## TASK:
Your answer should give again, exactly, the lines from the beginning of the entries below through the line containing "Oplyst LEGO City". It must contain no pictures.
━━━━━ INPUT DATA
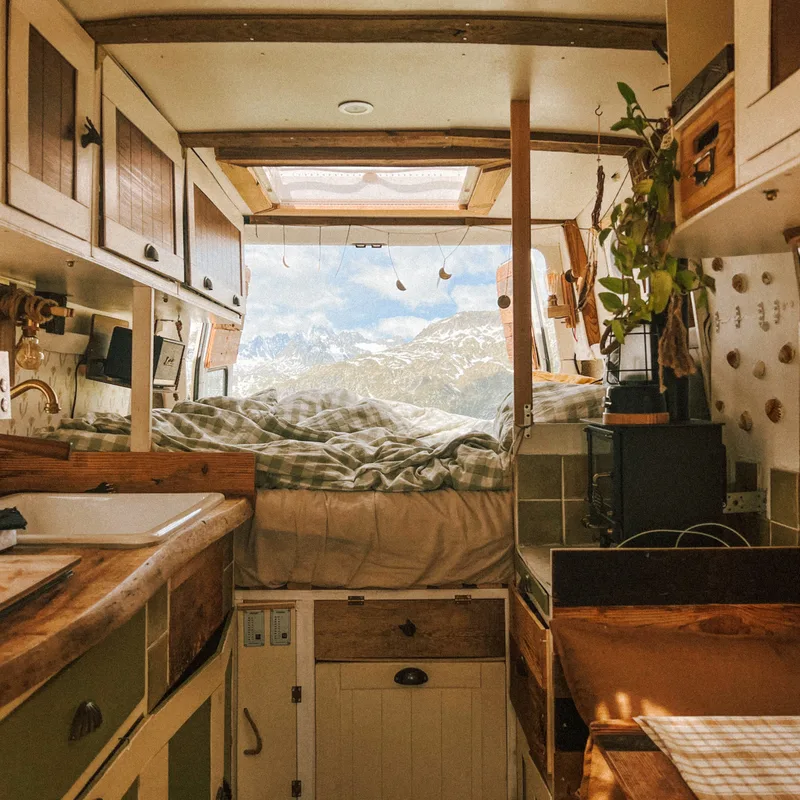 Home and café, all in one van
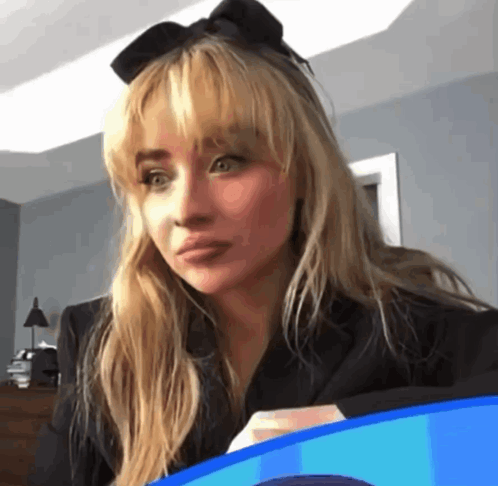 Sabrina Carpenter's Confused Reaction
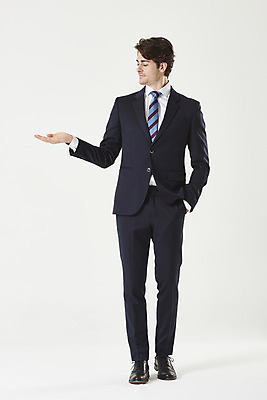 포토 JPG 스튜디오촬영 전신 서양인 외국인 남자 비즈니스 성공 안내 실내 설명 한명 서기 미소 누끼 정장 손짓 성인 앞모습 30대 비즈니스맨 자신감 흰배경 주머니손 성인남자한명만 국내포토 1 옷 감정 뷰포인트 백그라운드 컨셉 모션 표정 사람 인종 내부 장년 흰색 직장인 남자한명만 성인남자만 파일형식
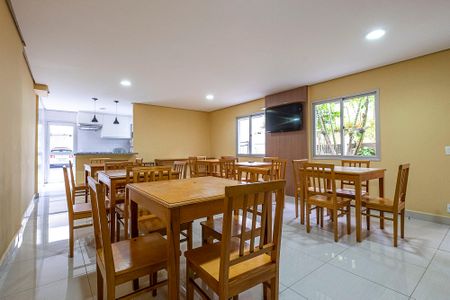 Apartamento para alugar com 50m², 2 quartos e 1 vaga Apartamento para alugar com 50m², 2 quartos e 1 vagaÁrea comum - Salão de Festas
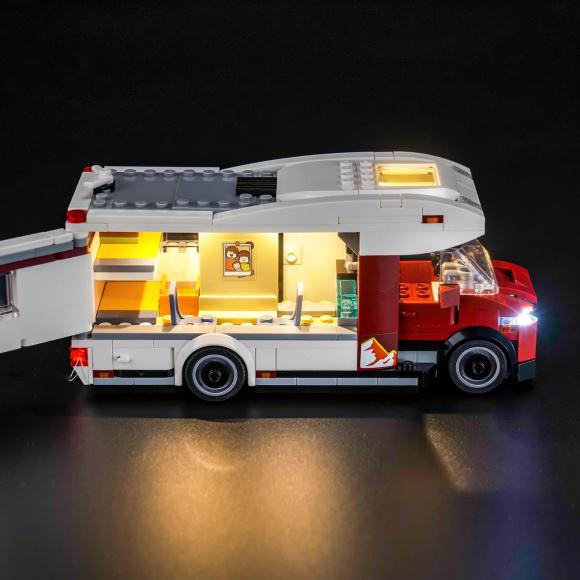 Oplyst LEGO City 60454 Ferie-eventyr i autocamper med Brickbling med åben interiør set fra siden
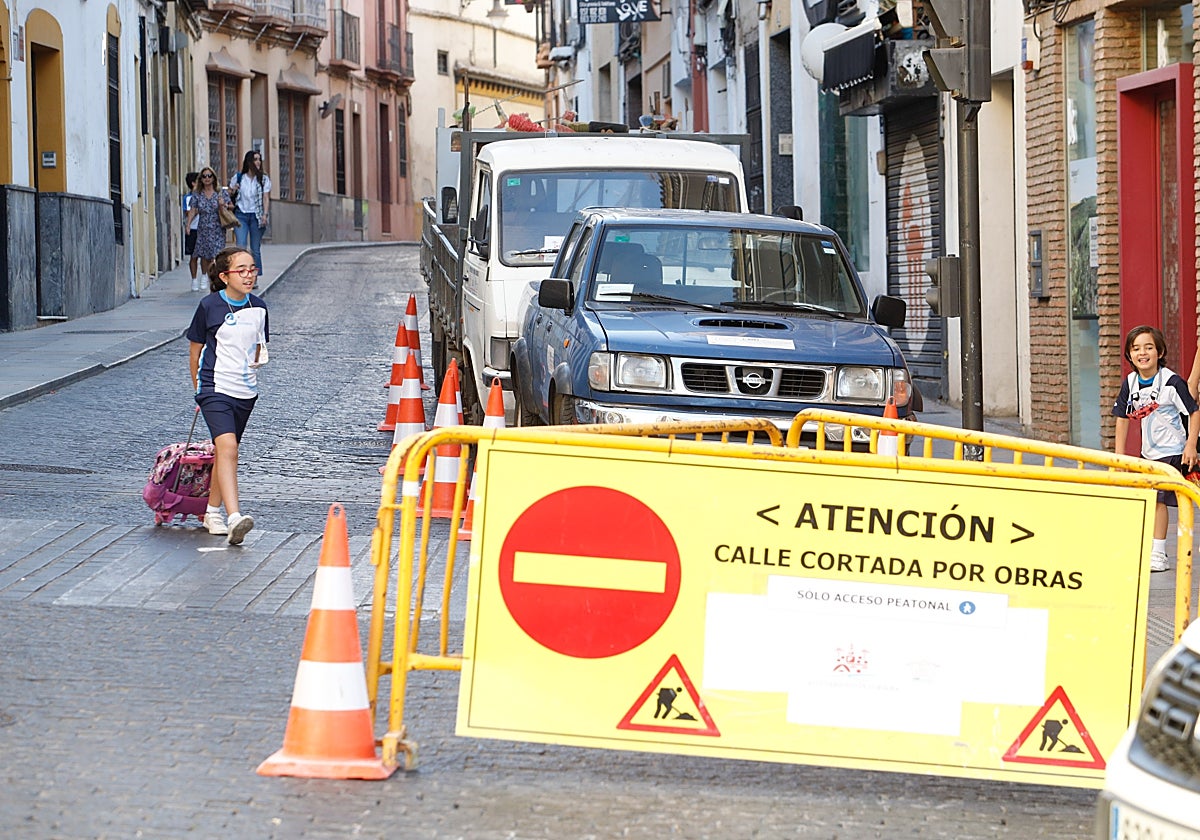 Una valla al principio de la calle Alfaros, una de las incluidas en el plan anual de obras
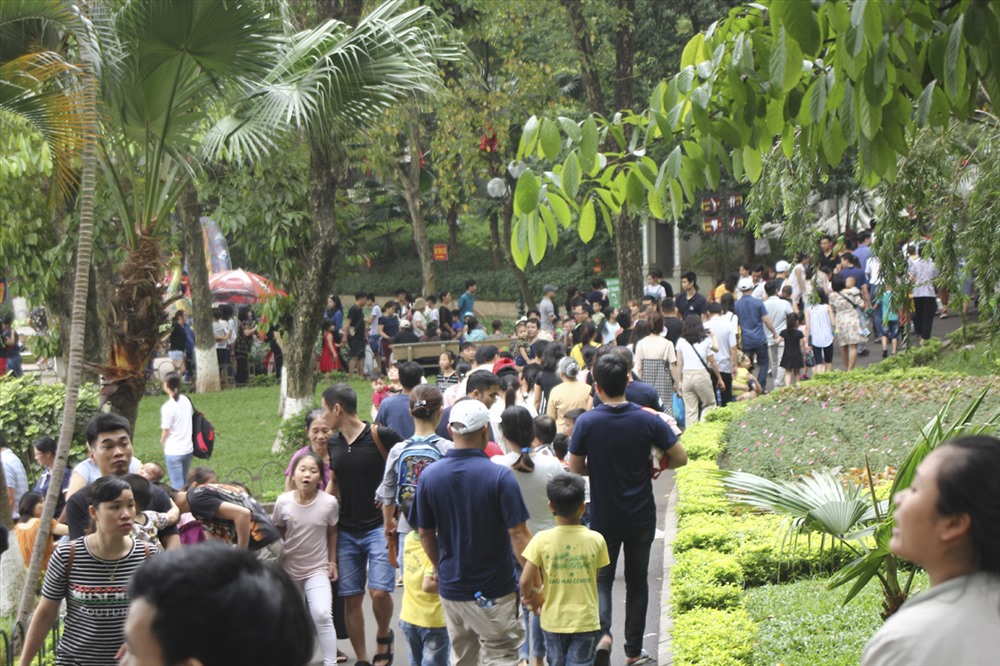 Dịp nghỉ lễ Giỗ Tổ Hùng Vương năm nay, mọi người được nghỉ 3 ngày liên tiếp (từ 13-15.4). Công viên Thủ Lệ - vườn Thú Hà Nội luôn là địa điểm thu hút rất đông khách du lịch trong những ngày này.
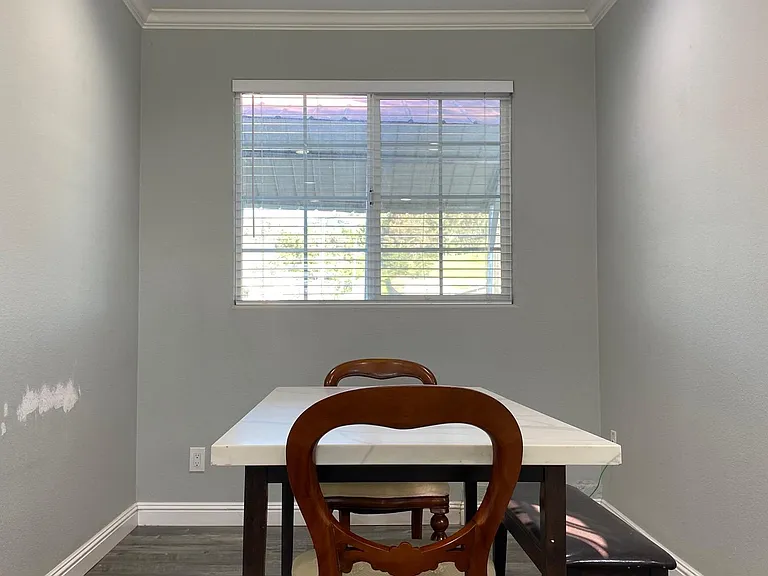10895 New Ave — Photo 3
━━━━━━━━━━
## WRITTEN ANSWER:
 Home and café, all in one van
 Sabrina Carpenter's Confused Reaction
 포토 JPG 스튜디오촬영 전신 서양인 외국인 남자 비즈니스 성공 안내 실내 설명 한명 서기 미소 누끼 정장 손짓 성인 앞모습 30대 비즈니스맨 자신감 흰배경 주머니손 성인남자한명만 국내포토 1 옷 감정 뷰포인트 백그라운드 컨셉 모션 표정 사람 인종 내부 장년 흰색 직장인 남자한명만 성인남자만 파일형식
 Apartamento para alugar com 50m², 2 quartos e 1 vaga Apartamento para alugar com 50m², 2 quartos e 1 vagaÁrea comum - Salão de Festas
 Oplyst LEGO City 60454 Ferie-eventyr i autocamper med Brickbling med åben interiør set fra siden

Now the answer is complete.